Update: the article has triggered this discussion thread at LinkedIn.

What can Ernest Hemingway teach you about legal writing?

Hemingway portrait

Ernest Hemingway

In a Wall Street Journal article last month, “Why Adverbs, Maligned by Many, Flourish in the American Legal System,” Ernest Hemingway is cited twice as an example of an effective writer who eschewed adverbs. This colorful start to the article expresses the view of many lawyers:

No part of speech has had to put up with so much adversity as the adverb. The grammatical equivalent of cheap cologne or trans fat, the adverb is supposed to be used sparingly, if at all, to modify verbs, adjectives or other adverbs. As Stephen King succinctly put it: “The adverb is not your friend.”

In large part, the article explains the need for adverbs in legislation and notes the significance they can have in the construction of a statute.

Bryan Garner, editor of Black’s Law Dictionary, is regarded by scholars as the dean of legal prose. He says legislators and adverbs need one another.


Says Mr. Garner: “No legislative drafter ever says: Did I pull my readers in? That’s something Stephen King has to ask.”

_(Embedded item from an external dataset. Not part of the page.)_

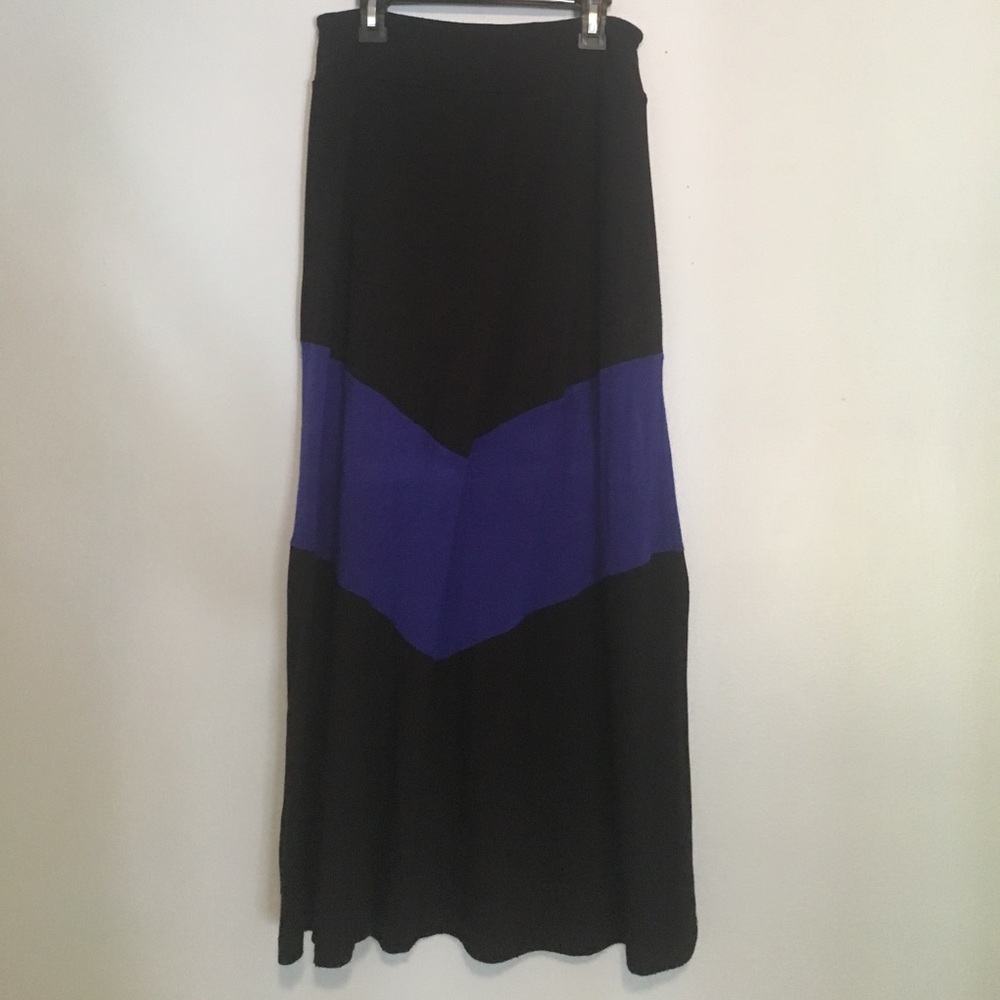 Black and blue maxi skirt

Ah, back to that age-old rule: know your audience when you are writing. (More on what the article teaches about that at the product liability blog Abnormal Use.) The article moves on to the more contentious issue of the use of adverbs in persuasive writing and the use of adverbs by judges:

“When you’re drafting an opinion, it’s just so tempting to use an adverb, so satisfying. It says exactly what you mean,” Alex Kozinski, chief judge of the Ninth U.S. Circuit Court of Appeals, said. “I don’t think any of us can follow the rule as religiously as Hemingway did. I wish I could.”

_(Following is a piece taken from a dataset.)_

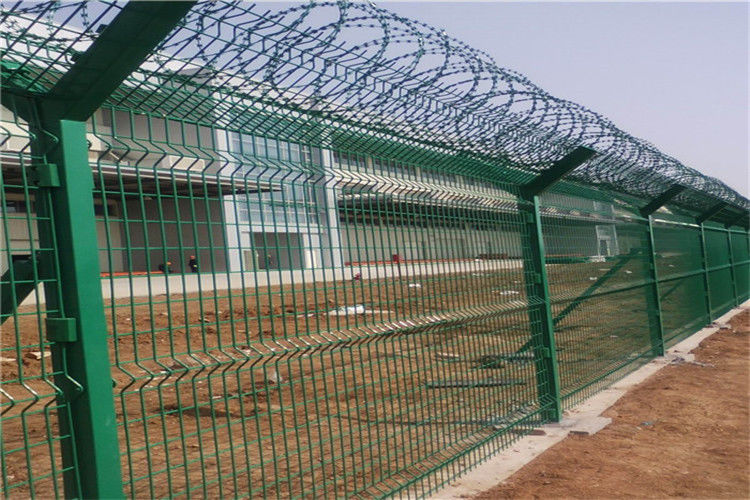 Y Post Airport Security Fencing 50x200mm Welded Razor Wire Mesh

Unlike his peers, Justice Antonin Scalia is unapologetic. One legal linguist marveled at his “caustic exploitation” of adverbs in his opinions, which crackle with phrases like “blatantly misdescribes,” “most tragically” and “judicially brainstormed.”

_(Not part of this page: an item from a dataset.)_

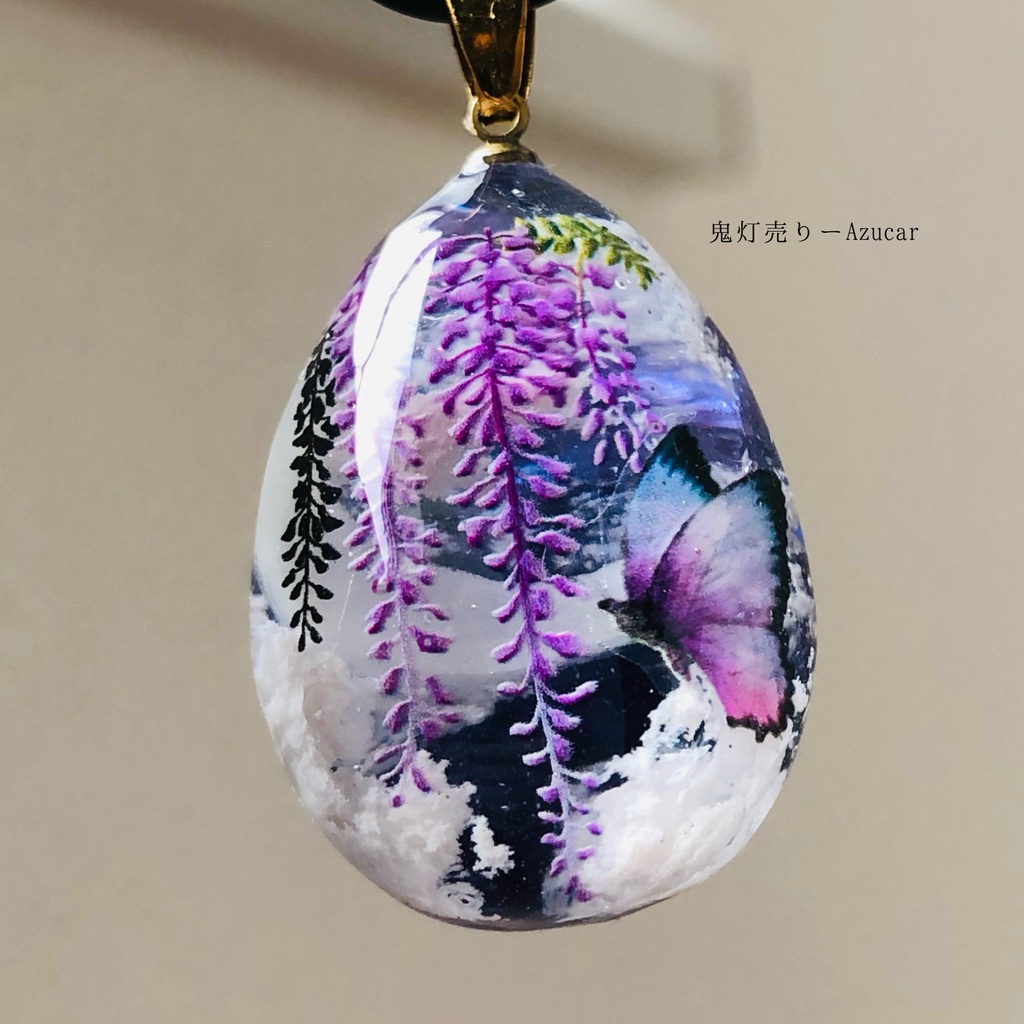 タンザナイト色の夜空に藤の花とモルフォ蝶 オルゴナイト 雲レジン 蓄光三日月 たまご型 ネックレス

Unsurprisingly, the participants in a LinkedIn thread that started with a reference to the article tended to concentrate on the use of adverbs in persuasive writing, and expressed their overall disdain for adverb use. There was general agreement that adverbs like “clearly,” “obviously,” and the like signaled weak arguments. The article offers statistical support for that view, with a caveat (again, relevant to the “know your audience” maxim):

According to a 2008 study by two scholars at the University of Oregon School of Law and Brigham Young University, lawyers who stuff so-call intensifier adverbs in their legal briefs—words such as “very,” “obviously,” “clearly,” “absolutely” and “really”—are more likely to lose an appeal in court than attorneys who avoid those “weasel words,” as Mr. Garner described them. But notably, the study found that the habit can actually work in a lawyer’s favor if the presiding judge really likes to use those adverbs, too.

Which leads me back to Hemingway. In the LinkedIn thread, California attorney Steven Finell praises Hemingway for more than just adverb avoidance, crediting him for precise writing without adverbs and using adverbs effectively: “Lawyers can learn a lot from reading Hemingway: short sentences, powerful verbs and nouns–and descriptive adverbs and adjectives.” Finell’s post provides great examples of precise adverb-free writing.

I’ve never read Hemingway. I might give him a try.

The law, the story, and the policy

Almost sounds like the beginning of a joke, doesn’t it? (A law, a story, and a policy walk into a bar . . . )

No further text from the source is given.